* **Assignment**: There is one span to output from the data below: the lines starting at the line with "25-26 YONEX ヨネックス" and ending at the line with "Italian Grilled Chicken". Output it exactly, ends included, nothing more.

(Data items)

------------------------------

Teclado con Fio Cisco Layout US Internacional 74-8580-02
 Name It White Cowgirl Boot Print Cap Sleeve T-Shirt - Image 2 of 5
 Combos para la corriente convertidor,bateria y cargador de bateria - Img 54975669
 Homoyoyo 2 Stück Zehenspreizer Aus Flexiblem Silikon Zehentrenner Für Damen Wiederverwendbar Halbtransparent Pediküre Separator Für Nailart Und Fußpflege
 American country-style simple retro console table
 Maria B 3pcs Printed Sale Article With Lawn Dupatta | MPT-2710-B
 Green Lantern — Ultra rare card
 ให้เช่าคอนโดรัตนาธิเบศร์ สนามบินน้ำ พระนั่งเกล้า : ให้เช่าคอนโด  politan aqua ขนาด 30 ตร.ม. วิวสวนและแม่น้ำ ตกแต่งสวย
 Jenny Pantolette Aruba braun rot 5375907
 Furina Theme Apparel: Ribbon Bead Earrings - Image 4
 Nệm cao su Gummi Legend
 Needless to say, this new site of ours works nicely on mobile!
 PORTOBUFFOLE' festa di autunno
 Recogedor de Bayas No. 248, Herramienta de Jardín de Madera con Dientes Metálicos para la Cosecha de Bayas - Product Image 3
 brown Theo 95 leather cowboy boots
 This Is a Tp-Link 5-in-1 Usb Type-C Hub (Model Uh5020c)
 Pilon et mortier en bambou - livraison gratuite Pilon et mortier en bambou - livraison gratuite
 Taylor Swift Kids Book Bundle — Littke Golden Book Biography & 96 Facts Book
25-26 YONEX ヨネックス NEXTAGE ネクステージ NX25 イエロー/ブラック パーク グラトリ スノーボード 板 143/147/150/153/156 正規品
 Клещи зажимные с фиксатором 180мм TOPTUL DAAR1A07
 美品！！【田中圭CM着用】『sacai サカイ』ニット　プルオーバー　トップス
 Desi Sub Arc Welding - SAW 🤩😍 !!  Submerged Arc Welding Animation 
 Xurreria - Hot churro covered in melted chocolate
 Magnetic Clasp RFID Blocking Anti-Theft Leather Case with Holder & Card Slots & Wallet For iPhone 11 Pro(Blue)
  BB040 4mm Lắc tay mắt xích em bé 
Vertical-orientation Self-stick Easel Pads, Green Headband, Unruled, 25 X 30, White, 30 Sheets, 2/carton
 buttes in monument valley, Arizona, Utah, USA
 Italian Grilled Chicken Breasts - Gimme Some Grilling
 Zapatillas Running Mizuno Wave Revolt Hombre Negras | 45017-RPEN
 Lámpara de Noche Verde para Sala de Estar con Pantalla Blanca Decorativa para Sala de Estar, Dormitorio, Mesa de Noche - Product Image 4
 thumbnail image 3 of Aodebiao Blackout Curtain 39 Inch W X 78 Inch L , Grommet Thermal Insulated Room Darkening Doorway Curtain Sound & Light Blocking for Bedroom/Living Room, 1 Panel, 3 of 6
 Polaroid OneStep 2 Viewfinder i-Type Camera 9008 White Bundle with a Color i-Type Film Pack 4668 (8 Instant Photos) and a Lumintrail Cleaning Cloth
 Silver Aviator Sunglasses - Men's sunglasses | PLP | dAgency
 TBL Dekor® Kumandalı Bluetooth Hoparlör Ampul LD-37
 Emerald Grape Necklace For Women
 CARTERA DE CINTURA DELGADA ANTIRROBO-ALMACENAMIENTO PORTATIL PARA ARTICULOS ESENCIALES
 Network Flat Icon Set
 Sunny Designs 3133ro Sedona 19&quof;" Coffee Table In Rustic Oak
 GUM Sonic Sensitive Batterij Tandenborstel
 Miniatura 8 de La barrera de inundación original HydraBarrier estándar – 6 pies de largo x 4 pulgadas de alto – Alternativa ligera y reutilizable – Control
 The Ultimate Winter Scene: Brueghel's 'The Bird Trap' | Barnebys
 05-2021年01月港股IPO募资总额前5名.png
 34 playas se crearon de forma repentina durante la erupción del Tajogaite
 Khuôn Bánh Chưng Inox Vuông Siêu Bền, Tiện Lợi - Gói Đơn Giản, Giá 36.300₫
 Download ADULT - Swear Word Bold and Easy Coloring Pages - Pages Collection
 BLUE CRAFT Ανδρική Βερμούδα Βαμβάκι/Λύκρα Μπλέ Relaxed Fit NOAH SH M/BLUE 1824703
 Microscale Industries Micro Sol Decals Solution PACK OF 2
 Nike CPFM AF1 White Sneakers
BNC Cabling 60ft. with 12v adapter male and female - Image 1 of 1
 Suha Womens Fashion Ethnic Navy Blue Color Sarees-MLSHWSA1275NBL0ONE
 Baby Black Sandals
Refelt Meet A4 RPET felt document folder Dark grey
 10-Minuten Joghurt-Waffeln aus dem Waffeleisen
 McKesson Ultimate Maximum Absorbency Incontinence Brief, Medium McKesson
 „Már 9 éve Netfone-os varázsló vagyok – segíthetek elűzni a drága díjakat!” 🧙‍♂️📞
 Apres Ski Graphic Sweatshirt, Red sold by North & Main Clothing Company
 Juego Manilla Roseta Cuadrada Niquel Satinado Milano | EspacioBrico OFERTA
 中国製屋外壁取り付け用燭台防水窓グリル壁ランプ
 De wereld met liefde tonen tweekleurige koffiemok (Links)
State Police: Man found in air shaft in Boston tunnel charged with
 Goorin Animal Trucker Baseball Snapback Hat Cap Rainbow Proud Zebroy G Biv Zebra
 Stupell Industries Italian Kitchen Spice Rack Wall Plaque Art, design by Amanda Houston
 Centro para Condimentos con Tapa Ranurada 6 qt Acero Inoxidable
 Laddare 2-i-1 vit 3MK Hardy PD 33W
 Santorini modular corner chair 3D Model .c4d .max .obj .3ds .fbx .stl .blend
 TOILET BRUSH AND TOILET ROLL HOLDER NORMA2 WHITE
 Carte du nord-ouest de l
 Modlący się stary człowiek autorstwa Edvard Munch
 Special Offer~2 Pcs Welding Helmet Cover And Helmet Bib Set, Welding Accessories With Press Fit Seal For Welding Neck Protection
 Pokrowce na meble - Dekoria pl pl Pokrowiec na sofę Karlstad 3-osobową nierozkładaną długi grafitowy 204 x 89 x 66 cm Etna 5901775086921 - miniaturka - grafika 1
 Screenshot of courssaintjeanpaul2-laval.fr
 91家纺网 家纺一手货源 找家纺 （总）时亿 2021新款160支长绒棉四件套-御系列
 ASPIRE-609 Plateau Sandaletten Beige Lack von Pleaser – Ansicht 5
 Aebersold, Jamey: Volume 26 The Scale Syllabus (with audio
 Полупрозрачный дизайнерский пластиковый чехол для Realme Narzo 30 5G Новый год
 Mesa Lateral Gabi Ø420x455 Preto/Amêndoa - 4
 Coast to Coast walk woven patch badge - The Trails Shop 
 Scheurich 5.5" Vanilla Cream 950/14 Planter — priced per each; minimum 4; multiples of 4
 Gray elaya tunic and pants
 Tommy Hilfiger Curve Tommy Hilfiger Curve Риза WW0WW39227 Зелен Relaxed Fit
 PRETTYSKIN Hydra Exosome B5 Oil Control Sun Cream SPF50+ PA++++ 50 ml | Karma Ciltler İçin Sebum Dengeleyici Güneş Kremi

------------------------------

* **Solved exercise**:
25-26 YONEX ヨネックス NEXTAGE ネクステージ NX25 イエロー/ブラック パーク グラトリ スノーボード 板 143/147/150/153/156 正規品
 Клещи зажимные с фиксатором 180мм TOPTUL DAAR1A07
 美品！！【田中圭CM着用】『sacai サカイ』ニット　プルオーバー　トップス
 Desi Sub Arc Welding - SAW 🤩😍 !!  Submerged Arc Welding Animation 
 Xurreria - Hot churro covered in melted chocolate
 Magnetic Clasp RFID Blocking Anti-Theft Leather Case with Holder & Card Slots & Wallet For iPhone 11 Pro(Blue)
  BB040 4mm Lắc tay mắt xích em bé 
Vertical-orientation Self-stick Easel Pads, Green Headband, Unruled, 25 X 30, White, 30 Sheets, 2/carton
 buttes in monument valley, Arizona, Utah, USA
 Italian Grilled Chicken Breasts - Gimme Some Grilling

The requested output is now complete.